A Calvelex, empresa de César Araújo, está a desautomatizar. O objetivo é apostar no valor acrescentado e assim diminuir o número de peças produzidas, mas aumentar a faturação.
A Calvelex, empresa de vestuário continua a ambicionar afirmar-se como uma referência na produção de vestuário feminino. César Araújo, o homem que preside à empresa e à ANIVEC diz, em entrevista ao ECO, que a Calvelex está apostada em “desautomatizar”. Para o gestor, que confeciona para algumas das melhores marcas mundiais, “há clientes dispostos a pagar para ter um produto manual”.
No fundo, explica o presidente da Calvelex, trata-se de subir na cadeia de valor, “apostando em produtos com maior valor acrescentado”. É também a pensar nessa aposta que a empresa vai continuar a diminuir a produção. De um milhão de peças feitas por ano, a empresa já passou para as 800 mil e a ideia é atingir as 700 mil.
O responsável assume-se, no entanto, preocupado com a conjuntura económica, mas diz não poder “condicionar o futuro, porque isso pode colocar em causa a sustentabilidade” da empresa.
Nos próximos anos, César Araújo afirma que quer “ser uma referência a nível mundial nos serviços, no desenvolvimento do produto, na inovação, na consultadoria ao cliente, na transformação. Queremos ser o verdadeiro parceiro de negócio do nosso cliente“.
César Araújo defende também o caminho das marcas próprias. “Um caminho difícil, mas que tem de ser feito”, pelo que a Calvelex dispõe já da Frenken e da Helen McAlinden.
Como é que correu o ano de 2018?
O ano correu bastante bem, mas não digo a faturação nem o nome dos clientes. Nós temos vários escritórios espalhados pelo mundo — Holanda, Irlanda, Londres, Hong Kong –, isto é um negócio que tem diferentes áreas de atuação, todas inseridas no vestuário.
Mas há nuvens ou não a pairar sobre o setor?

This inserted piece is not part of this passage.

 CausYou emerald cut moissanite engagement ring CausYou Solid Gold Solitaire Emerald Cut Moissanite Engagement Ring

É preciso ver o seguinte: hoje, a indústria do vestuário tornou-se de tal maneira inovadora e tecnológica que é preciso estarmos sempre a reinventar e a evoluir no negócio. Passamos de meros produtores para alguém que já desenvolve produto, que passa a ser um conselheiro do próprio cliente e que o cliente ouve e olha com muita atenção. Deixámos de ser os tradicionais homens de linha e agulha para passarmos a oferecer outro tipo de atividade ao cliente. Antigamente, os serviços eram uma área que quase não existia. Hoje posso dizer-lhe que 30% da nossa empresa é feita em serviços, desde o desenvolvimento do produto à inovação, passando pelo aconselhamento do tecido, à criação dos próprios moldes…
A indústria do vestuário tornou-se de tal maneira inovadora e tecnológica que é preciso estarmos sempre a reinventar e a evoluir no negócio.

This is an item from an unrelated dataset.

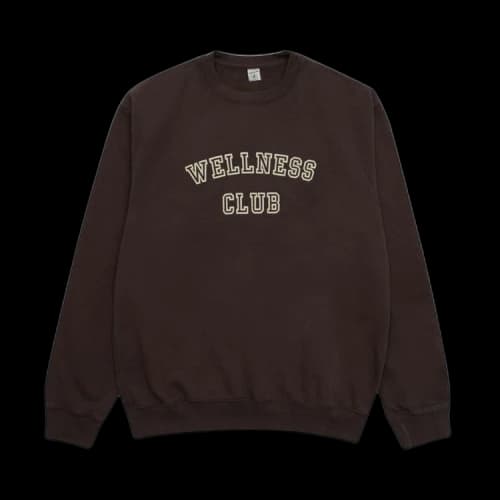 Sporty & Rich Wellness Club Flocked Crewneck 'Chocolate/Cream'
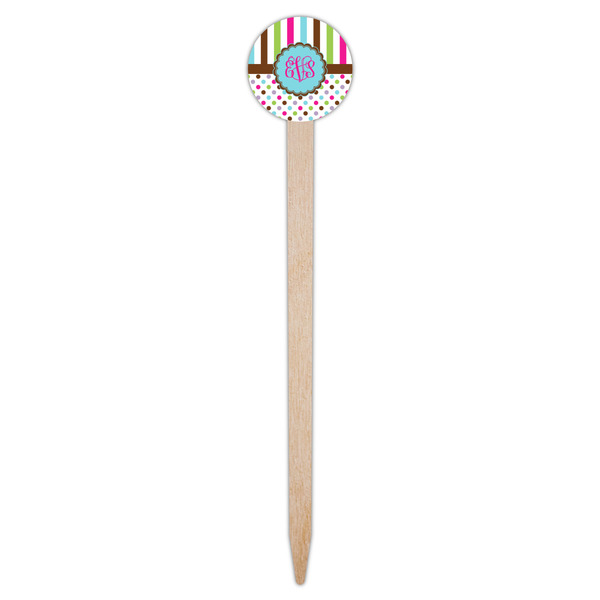 Stripes & Dots Wooden 6" Food Pick - Round - Single Pick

Mas quando falava nas nuvens do setor, estava a falar da questão da Turquia, do Brexit, dos Estados Unidos…
É verdade que temos a questão da guerra comercial entre os Estados Unidos e a China, temos a Turquia que tem o instrumento de desvalorização da libra e que nós não temos. Não vou dizer que não é correto, mas a verdade é que Portugal não pode jogar em situação de igualdade. Nos últimos dois anos, a lira turca desvalorizou mais de 30%. Quer dizer que a própria Turquia ficou mais barata, não nas matérias-primas mas na produção e, até na própria energia, tudo é mais barato.

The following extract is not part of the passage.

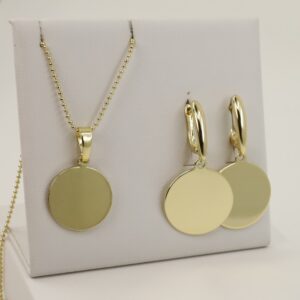 Set cercei+lant+pandativ placat cu aur 14K model ST306 B - lant 50 cm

A Calvelex não se ressentiu de nenhum desses fatores?
Não, porque uma das coisas que temos vindo a fazer é a desautomatizar os nossos produtos industriais, porque queremos mais clientes, mais mercados e queremos minimizar o risco comercial, o que nos permite reduzir a produção. Na Calvelex fazíamos um milhão de peças, agora estamos a fazer 800 mil e queremos, nos próximos três anos, reduzir para 700 mil. É esse o nosso patamar.
Qual é o objetivo?
O objetivo é termos um produto de valor acrescentado. Queremos reduzir o número de peças, mas aumentar o volume de faturação. No fundo, fazer peças com maior valor acrescentado, ou seja, peças mais caras.
Quer trabalhar para o segmento mais alto?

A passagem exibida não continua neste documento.